=== WORK INSTRUCTIONS ===
Copy the records below exactly as they stand. Leave out the pictures.

=== AVAILABLE DATA ===
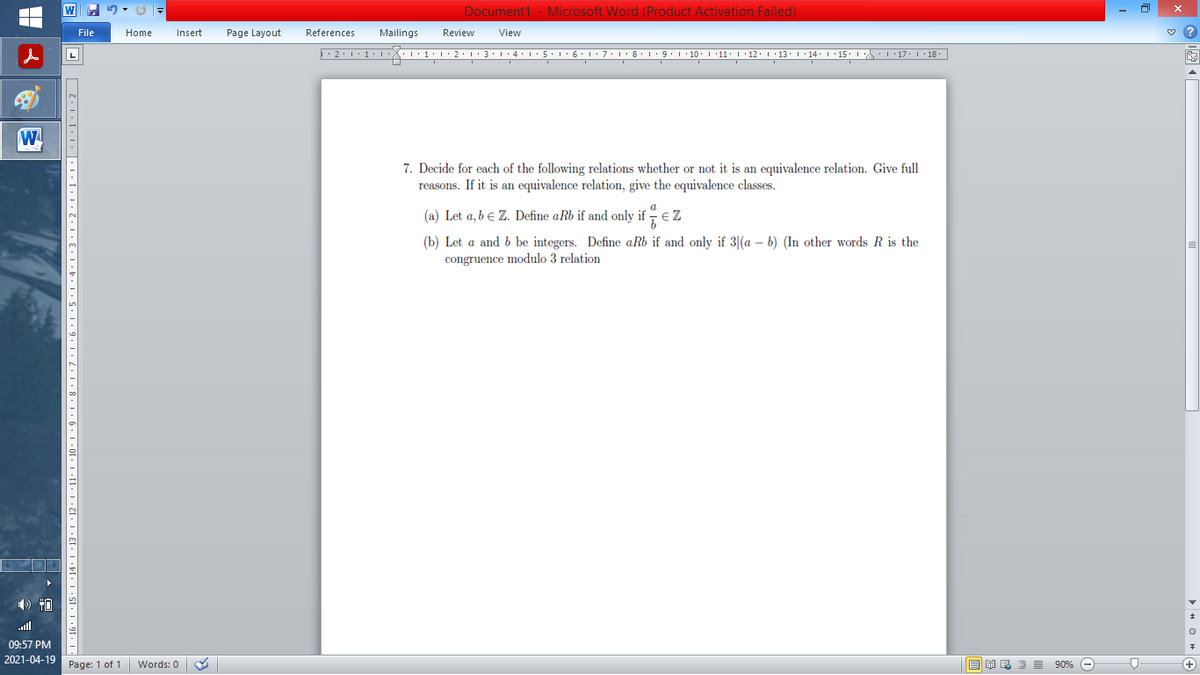 Document1 - Microsoft Word (Product Activation Failed)
File
Home
Insert
Page Layout
References
Mailings
Review
View
W
7. Decide for each of the following relations whether or not it is an equivalence relation. Give full
reasons. If it is an equivalence relation, give the equivalence classes.
(a) Let a,b e Z. Define aRb if and only if - € Z
(b) Let a and b be integers. Define aRb if and only if 3|(a – b) (In other words R is the
congruence modulo 3 relation
ll
09:57 PM
2021-04-19
Page: 1 of 1
国 昆海昌 90%
Words: 0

=== TASK OUTPUT ===
 Document1 - Microsoft Word (Product Activation Failed)
File
Home
Insert
Page Layout
References
Mailings
Review
View
W
7. Decide for each of the following relations whether or not it is an equivalence relation. Give full
reasons. If it is an equivalence relation, give the equivalence classes.
(a) Let a,b e Z. Define aRb if and only if - € Z
(b) Let a and b be integers. Define aRb if and only if 3|(a – b) (In other words R is the
congruence modulo 3 relation
ll
09:57 PM
2021-04-19
Page: 1 of 1
国 昆海昌 90%
Words: 0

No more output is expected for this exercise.